Zero week seen likely despite stabilisation signs post-SVB
Syndicate bankers expect this week to be a washout for euro covered bond issuance after the collapse of Silicon Valley Bank (SVB) in the US, despite some signs of stability today (Tuesday), as market participants potentially await the outcomes of ECB and Fed meetings before reengaging.
Since a €750m Caffil trade hit the market on Thursday towards the end of a near €10bn week, the euro primary market has been bereft of supply, with other sectors including local Nordic markets also quiet.
“The moves on Monday and Friday were so erratic in all markets that everything has been affected,” said a syndicate banker. “It’s not that anyone perceives that a covered bond issuer in the European space has anything remotely like the balance sheet of SVB, but everyone is in wait-and-see mode.”
Another banker said he is working on the assumption that this will be a “zero week”, despite markets regaining their poise somewhat today – with the 10 year Bund yield having made up most of the ground it lost yesterday (Monday), for example – and tomorrow (Wednesday) offering a slim window of opportunity before the outcome of the European Central Bank’s latest governing council meeting on Thursday.
“If there is a blue chip name with something up their sleeve, I suppose they could be quickly out of the blocks tomorrow,” he said, “but I’m not aware of anyone with such plans. And those who would need one-and-a-half days would probably not pre-announce because of the uncertainty.”
The first syndicate banker said he also expects next week to prove more viable.
“Secondaries have been holding up quite well, so in that respect, the market is in OK shape,” he said, “but I don’t think anything would fare well right now because investors are busy putting out fires elsewhere.
“If a covered bond issuer with a strong following in the market were to approach the market in the coming week and accepts the need to sweeten the deal just a little bit – paying a couple of basis points more NIP and with secondaries having cheapened up a bit – then that could work,” he added. “And many issuers will just shrug their shoulders and say, well, if that’s what it takes…”
Market participants are meanwhile expected to take the time to consider the rates outlook in the wake of the Federal Reserve’s reaction to the collapse of SVB, also digesting US CPI figures out today.

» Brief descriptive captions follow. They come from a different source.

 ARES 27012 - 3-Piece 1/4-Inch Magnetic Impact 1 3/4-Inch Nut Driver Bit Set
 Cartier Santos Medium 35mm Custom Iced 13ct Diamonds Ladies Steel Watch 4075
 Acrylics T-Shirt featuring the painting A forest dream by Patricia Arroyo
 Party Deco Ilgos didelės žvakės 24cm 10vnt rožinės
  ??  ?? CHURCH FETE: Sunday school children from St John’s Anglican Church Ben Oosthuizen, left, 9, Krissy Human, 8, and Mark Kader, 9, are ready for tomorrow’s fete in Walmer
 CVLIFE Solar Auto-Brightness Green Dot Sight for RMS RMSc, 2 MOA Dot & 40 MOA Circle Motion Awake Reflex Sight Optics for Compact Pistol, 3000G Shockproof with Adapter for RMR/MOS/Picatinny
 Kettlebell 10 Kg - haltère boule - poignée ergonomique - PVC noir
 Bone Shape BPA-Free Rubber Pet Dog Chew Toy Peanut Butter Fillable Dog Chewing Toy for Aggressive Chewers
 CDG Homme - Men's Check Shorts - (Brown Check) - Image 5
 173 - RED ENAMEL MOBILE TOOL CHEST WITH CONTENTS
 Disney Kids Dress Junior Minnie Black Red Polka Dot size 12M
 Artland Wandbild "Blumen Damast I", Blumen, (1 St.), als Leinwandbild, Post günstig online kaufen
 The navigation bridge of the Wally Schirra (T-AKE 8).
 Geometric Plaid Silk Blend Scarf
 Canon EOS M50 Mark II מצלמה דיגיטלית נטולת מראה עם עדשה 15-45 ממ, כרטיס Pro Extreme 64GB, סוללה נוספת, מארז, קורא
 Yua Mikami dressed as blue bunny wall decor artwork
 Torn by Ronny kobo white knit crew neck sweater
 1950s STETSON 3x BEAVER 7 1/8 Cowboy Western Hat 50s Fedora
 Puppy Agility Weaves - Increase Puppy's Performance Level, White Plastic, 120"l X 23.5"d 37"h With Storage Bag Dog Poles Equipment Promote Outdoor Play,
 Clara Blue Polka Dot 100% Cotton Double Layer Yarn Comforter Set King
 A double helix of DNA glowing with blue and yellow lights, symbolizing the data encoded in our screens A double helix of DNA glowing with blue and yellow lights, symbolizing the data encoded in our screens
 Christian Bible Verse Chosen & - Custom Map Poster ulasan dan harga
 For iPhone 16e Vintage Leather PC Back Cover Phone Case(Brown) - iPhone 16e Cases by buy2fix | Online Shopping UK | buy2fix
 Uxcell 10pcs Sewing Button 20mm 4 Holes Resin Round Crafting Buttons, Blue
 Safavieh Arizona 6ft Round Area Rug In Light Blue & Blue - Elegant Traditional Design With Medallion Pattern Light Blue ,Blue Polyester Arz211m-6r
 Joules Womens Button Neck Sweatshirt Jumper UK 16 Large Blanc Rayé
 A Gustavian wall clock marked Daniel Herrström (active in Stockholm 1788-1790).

Expectations for terminal rates have fallen sharply, while a cut rather than hike from the Fed next Wednesday is even deemed possible, and the ECB’s likely moves this Thursday are now less clear.
“Is the Fed still on a quest to fight inflation,” said one banker, “or will US financial stability be more of a consideration?”
The strong reaction to SVB’s collapse, even after US authorities moved to reassure markets, nevertheless means sentiment is likely to remain fragile, with any further nasty surprises able to quickly disrupt activity, said bankers.
“What SVB clearly demonstrates is that there remains a significant vein of anxiety about bank failures,” said one. “And when one falls off a cliff, it’s only right that investors are concerned.”
Those issuers who hit the market last week – including Canada’s TD with the biggest post-global financial crisis benchmark and names such as Austria’s RBI and Iceland’s Landsbankinn – can feel particularly happy about their timing, noted another. Re-offered at mid-swaps plus 34bp, RBI’s €500m three year from last Tuesday (7 March), for example, was today seen at 28bp, mid.